The Scandinavian countries are as capitalist as they come. It is pretty obvious that most people don't even know what capitalism is.
https://www.aier.org/article/capitalism-saved-sweden/
Scandinavia: A World Center of Capitalism
Now that I have discussed the differences between capitalism and socialism, let’s consider the question I started out with: is Sweden socialist? I often participate in debates on capitalism vs. socialism, and students often give Sweden as an example of how socialism “works.” Well, yes, Sweden works, that’s true. But it works because it is one of the most capitalist nations in the world! It became capitalist after trying socialism, and reaching the (correct) conclusion that socialism just doesn’t work.
If you think Sweden is socialist, then you know something that just ain’t so. As has been documented repeatedly by popular
treatments and more scholarly
discussions, any use of the actual measures of economic freedom that constitute capitalism show Sweden is solidly in the camp of fully market-oriented economies. As Andreas Bergh points out in his 2016 book, Sweden and the Revival of the Capitalist Welfare State, it is inconceivable to think of the Sweden of the current decade as being anything other than a capitalist, and in fact libertarian, country.

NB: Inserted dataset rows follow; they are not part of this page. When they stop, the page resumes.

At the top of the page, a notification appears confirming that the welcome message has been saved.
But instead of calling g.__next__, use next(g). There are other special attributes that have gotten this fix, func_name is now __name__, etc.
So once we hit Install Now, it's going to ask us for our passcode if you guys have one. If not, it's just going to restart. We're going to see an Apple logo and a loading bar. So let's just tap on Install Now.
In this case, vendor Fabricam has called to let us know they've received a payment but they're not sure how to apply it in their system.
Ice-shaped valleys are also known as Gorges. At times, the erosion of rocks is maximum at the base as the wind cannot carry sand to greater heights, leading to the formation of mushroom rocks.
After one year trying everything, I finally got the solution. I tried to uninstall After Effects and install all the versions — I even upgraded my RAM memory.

It is fair to say that Sweden was socialist, at least in terms of temperament and the direction of public policy. In 1975, Sweden’s state owned well over half of the productive resources in the country, and directed prices in much of the rest. It subsidized debt, in part paradoxically by having enormously high tax rates with generous deductions for borrowers. Its attempts at “Keynesian” policy interventions were clumsy, were mistimed, and created disastrous uncertainty in investment returns even in the portions of the economy that were still market-oriented.
The state taxed successful industries heavily, and used the proceeds to subsidize industries that were inefficient, corrupt, and failing. This meant that interest rates on capital were prohibitive, especially when you tack on double-digit inflation.

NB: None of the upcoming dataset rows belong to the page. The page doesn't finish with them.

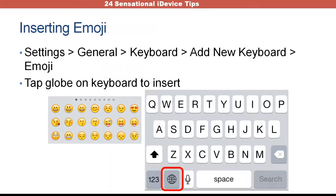Emojis — if you'd like to insert emojis in your communications, go to Settings, General, Keyboard, and Add New Keyboard. This emoji keyboard is actually installed by Apple — it's available but not always installed on the keyboard itself. So you have to go in, add new keyboard, choose the emoji keyboard, and it will be available on any keyboard. You'll find it by looking for the globe icon, which sometimes also has a smiley face.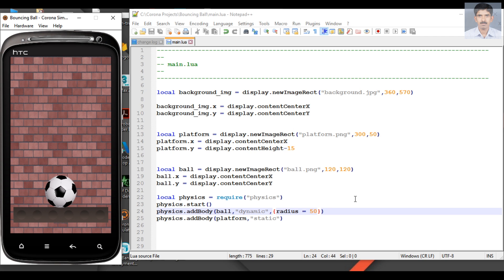This is how we add physics to the gaming app. We included the Box2D physical gaming engine in the application and added two physical bodies to the physical system: the first one is the ball, which is a dynamic object, and the second one is the platform, which is a static object. Dynamic objects are under the influence of gravity, which is why the ball falls from space towards the platform.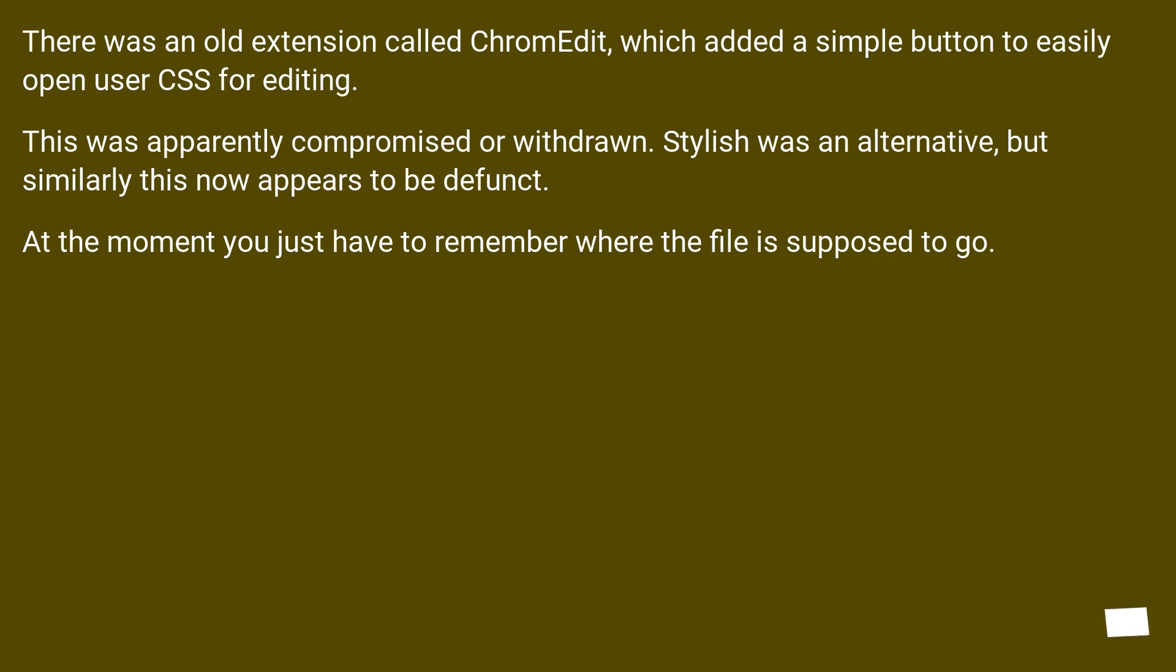This was apparently compromised or withdrawn. Stylish was an alternative, but similarly this now appears to be defunct. At the moment you just have to remember where the file is supposed to go.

To protect workers, the state required that wages could not be cut, and also enforced a panoply of restrictions on firing, layoffs, and other means of adjusting hours. Swedish products shot up in price, and the government was forced into a series of devaluations of the krona that made purchases of imported products beyond the reach of much of the middle class.
The electorate took a dim view of all of this. The tax system was a Rube Goldberg mechanism, with a level of complexity and arbitrary favoritism that encouraged distortion of investment into whatever happened to be taxed less, rather than whatever might produce useful products. Gunnar Myrdal, hardly a conservative, famously asked in 1978 whether Swedes “had turned into a people of swindlers.”

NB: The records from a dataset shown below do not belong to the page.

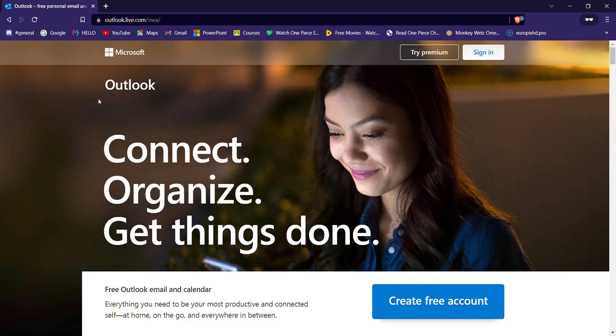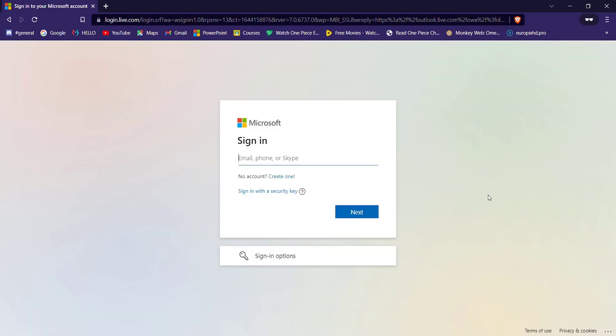For you to log into your Hotmail account, you'll just have to simply click on this sign in button on the top right corner of your screen. Once you click on the sign in button, you'll be guided to another page.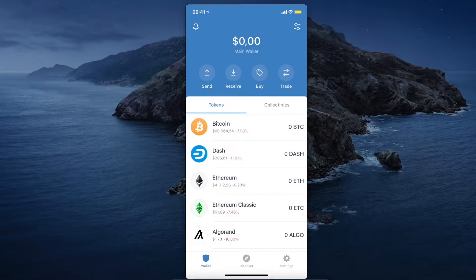Hey guys, in this video I will show you how we can transfer crypto from Crypto.com to Trust Wallet. It's really fast and easy, let me show you how.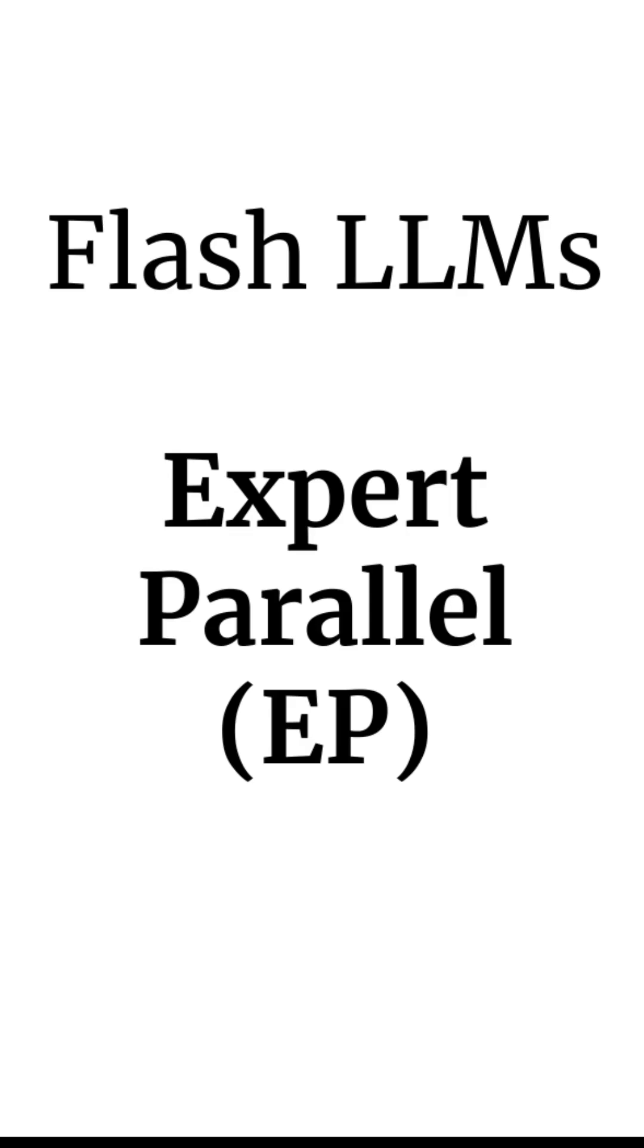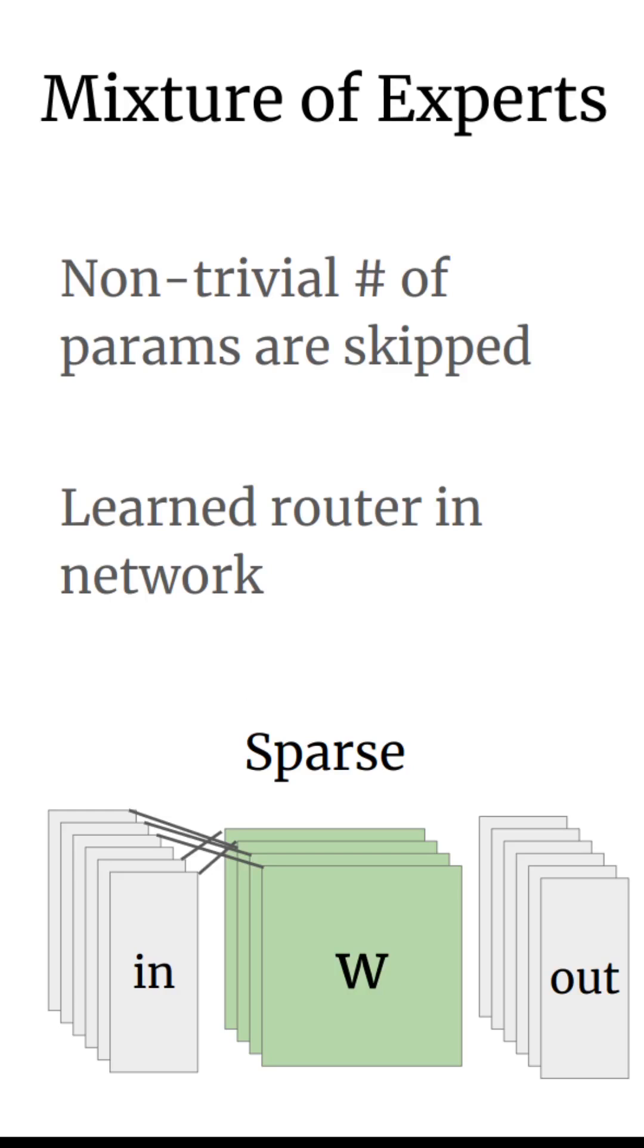Let's talk about expert parallel models. As a reminder, mixture of experts is a type of neural network that skips a non-trivial number of parameters for any given input.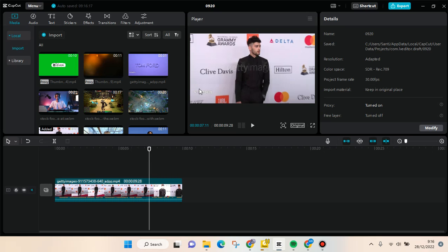Hi guys, welcome back to this channel. In this tutorial I'm gonna show you how you can import and save audios into CapCut PC, so if you're wondering how you can add your own audio into CapCut PC, here is how you can do it.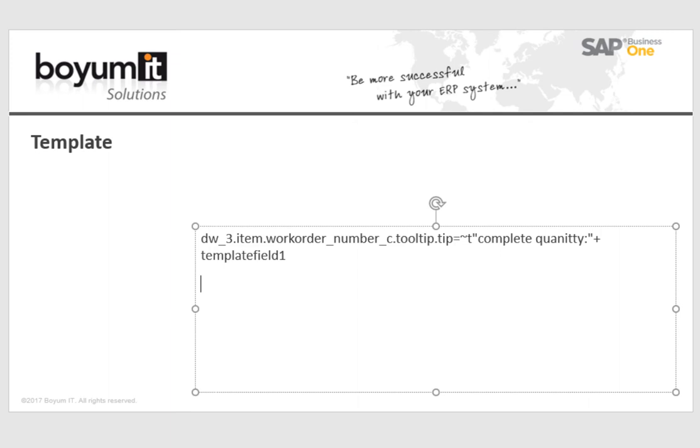You can insert here a complete script in the data window syntax and we will create more videos about tooltips next time in more description.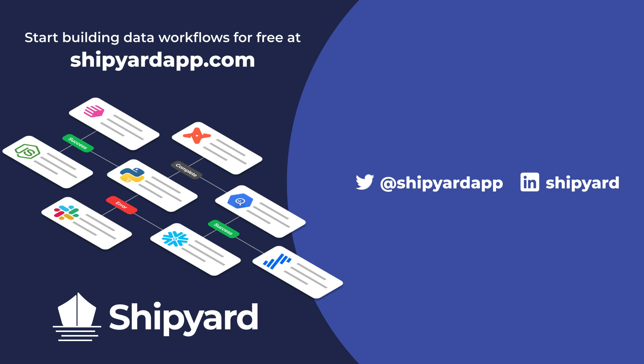If you have any questions about this solution or any other potential solution use the link in the description to set up a time to chat with our team of data experts. You can go to shipyardapp.com to start building powerful workflows just like this for free. Want to see us tackle more solutions? Check out these related videos.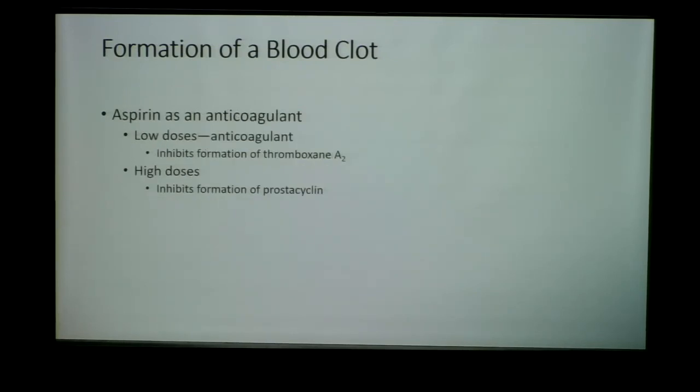Let's speak a little bit about the anticoagulatory effect of aspirin. Aspirin has a really interesting dose-dependent effect on...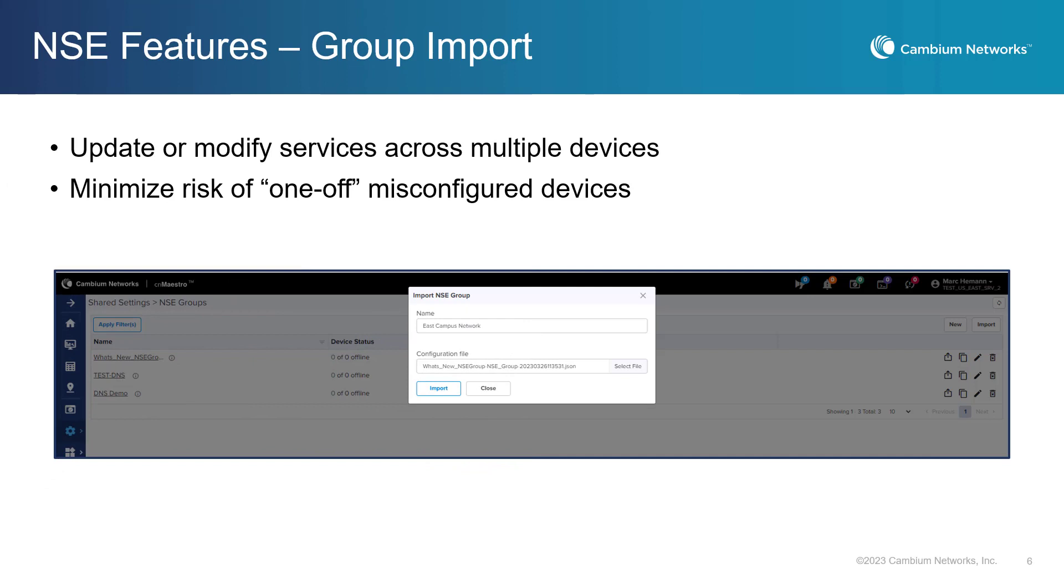Another new feature for the NSE is the NSE Group Import. The NSE Group Import ensures consistency in service configurations across all devices, minimizing the risk of misconfigurations that could lead to network disruptions or security vulnerabilities. Additionally, Group Import enables administrators to easily update or modify services across multiple devices, which can be particularly beneficial in large-scale network environments.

Fortunately for its citizens, but unfortunately for those who think Sweden is still socialist, the Swedish government, more or less by universal consensus,
turned sharply back toward capitalism beginning in about 1995. It deregulated domestic industry, privatized its education and pension systems, and opened the economy to international trade and competition. The reason it did this is precisely because capitalism, wherever it is practiced seriously in a system with rule of law and protection for property rights, always creates prosperity.